Work instructions: Copy out each entry precisely; no image belongs in the result.

Data shown:
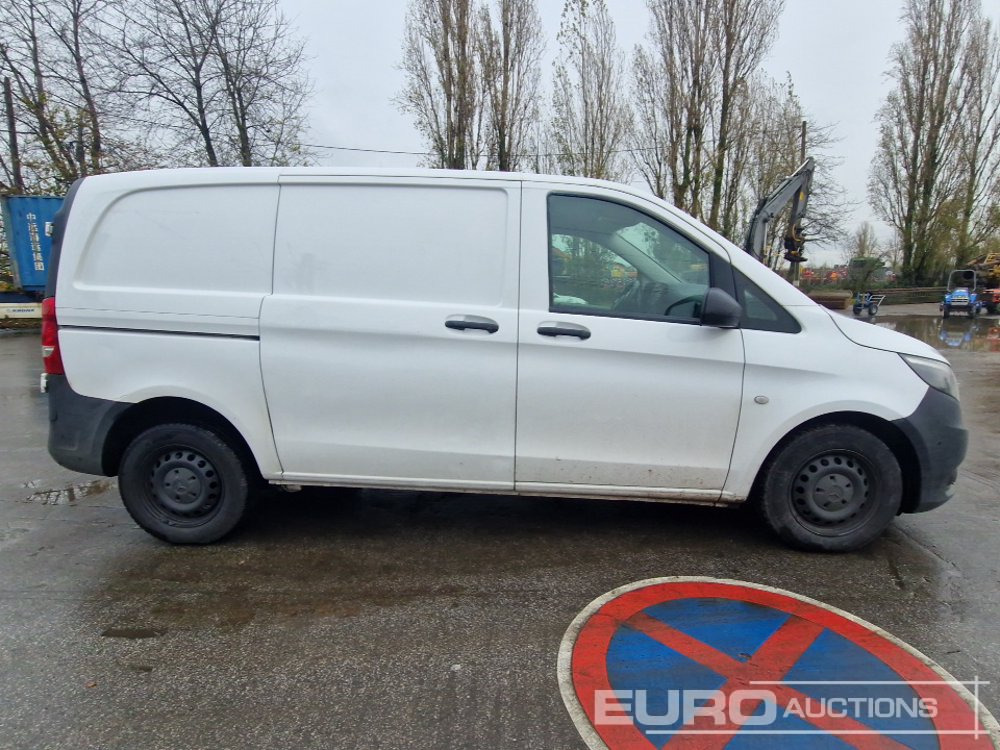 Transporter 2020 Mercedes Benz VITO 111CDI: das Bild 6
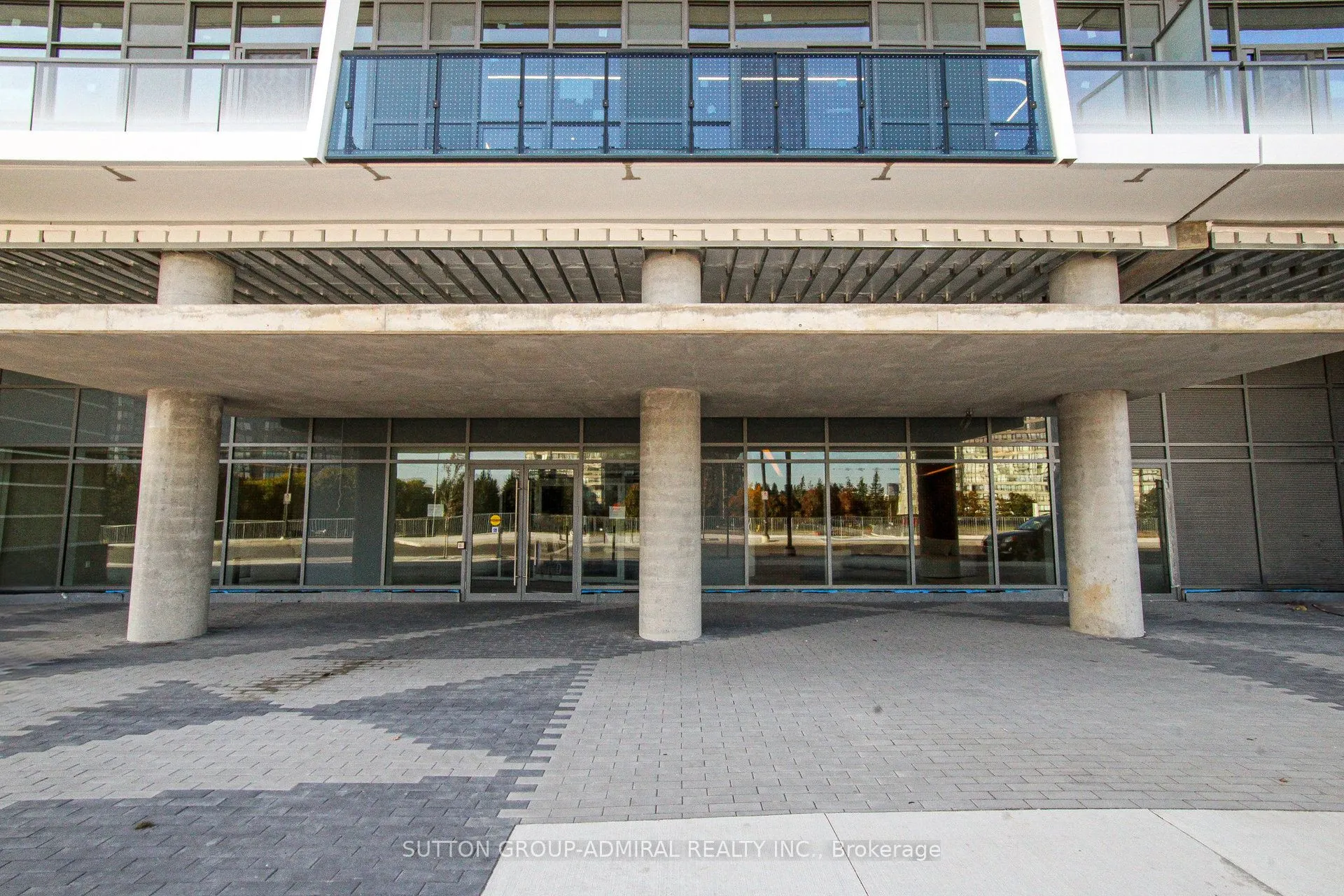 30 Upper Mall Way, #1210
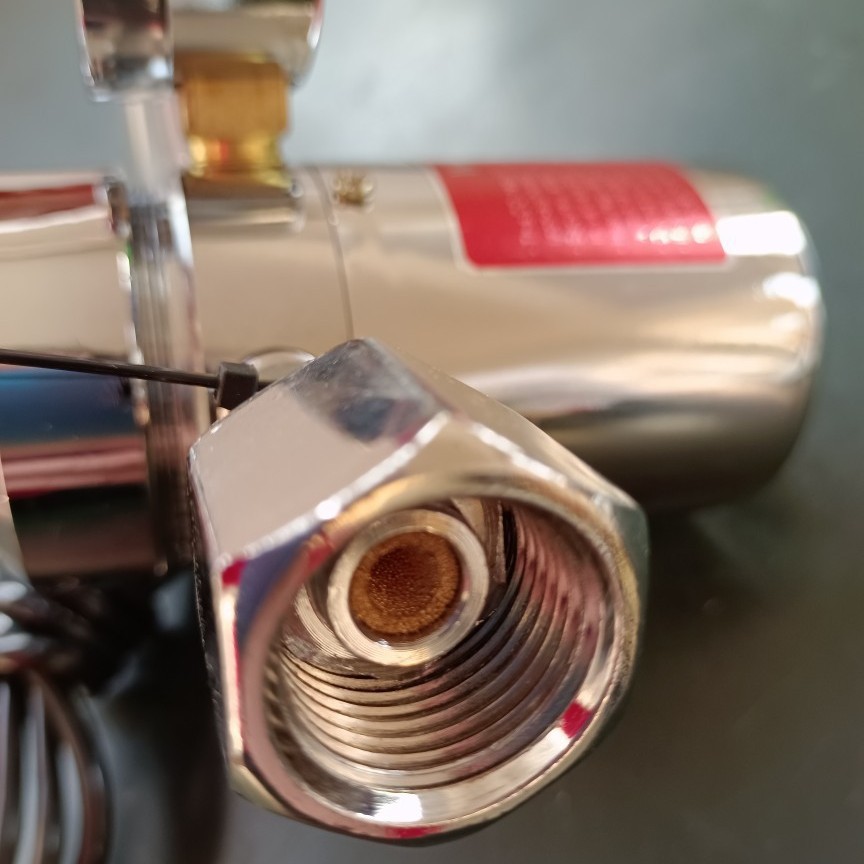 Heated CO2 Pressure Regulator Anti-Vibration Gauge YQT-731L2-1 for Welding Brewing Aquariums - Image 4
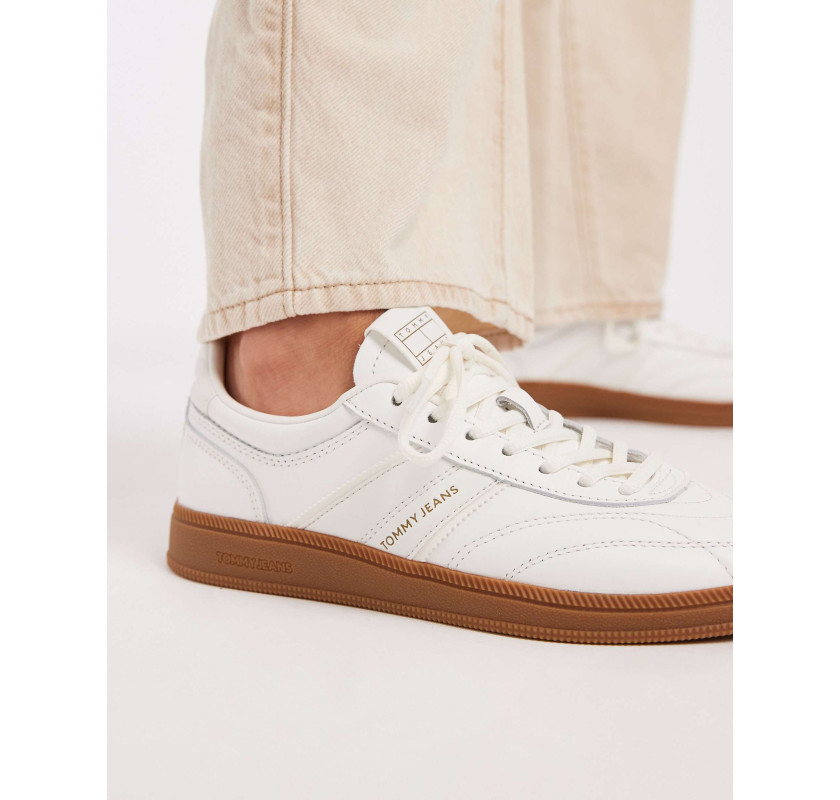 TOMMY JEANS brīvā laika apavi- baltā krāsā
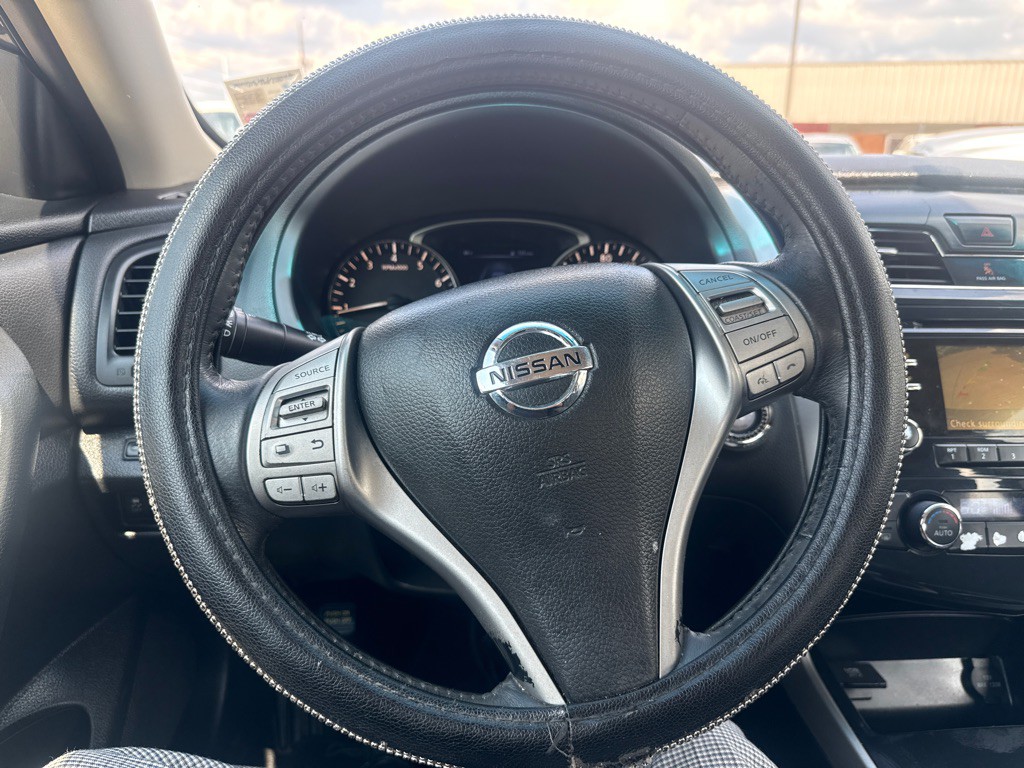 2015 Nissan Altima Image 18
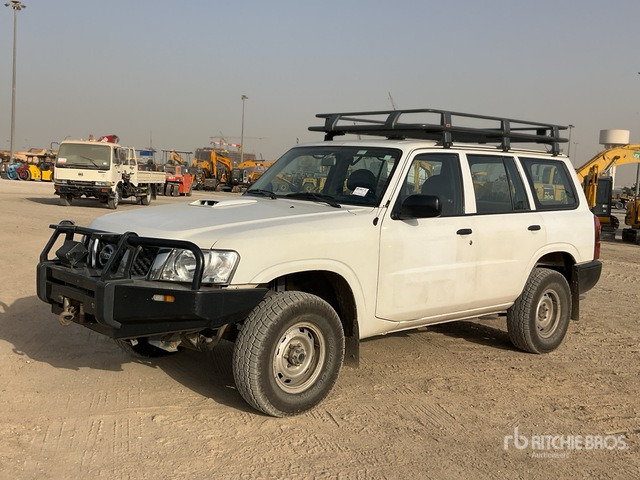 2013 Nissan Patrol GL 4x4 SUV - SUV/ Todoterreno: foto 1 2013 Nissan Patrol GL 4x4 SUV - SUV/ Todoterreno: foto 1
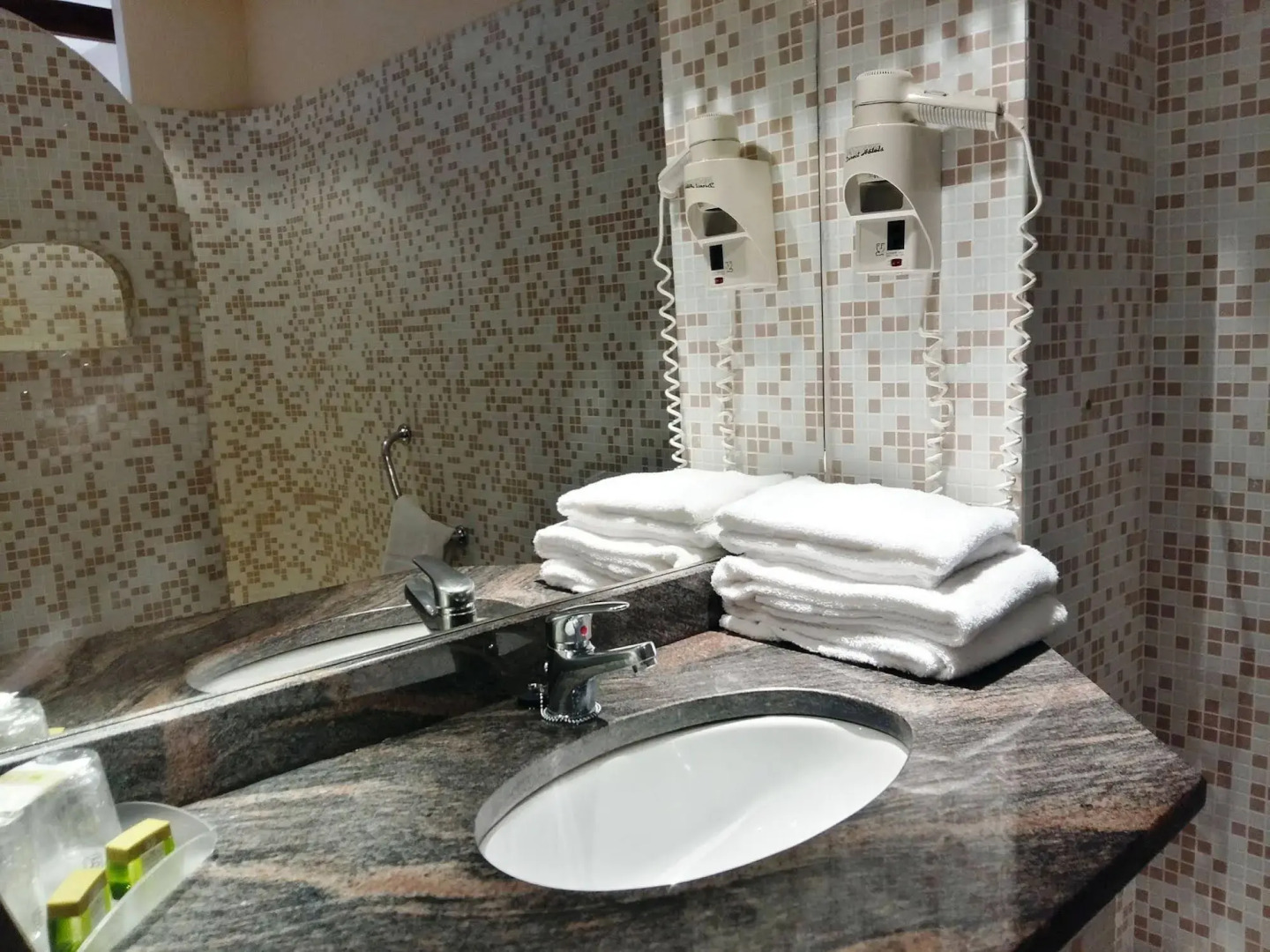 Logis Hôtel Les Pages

Finished exercise:
 Transporter 2020 Mercedes Benz VITO 111CDI: das Bild 6
 30 Upper Mall Way, #1210
 Heated CO2 Pressure Regulator Anti-Vibration Gauge YQT-731L2-1 for Welding Brewing Aquariums - Image 4
 TOMMY JEANS brīvā laika apavi- baltā krāsā
 2015 Nissan Altima Image 18
 2013 Nissan Patrol GL 4x4 SUV - SUV/ Todoterreno: foto 1 2013 Nissan Patrol GL 4x4 SUV - SUV/ Todoterreno: foto 1
 Logis Hôtel Les Pages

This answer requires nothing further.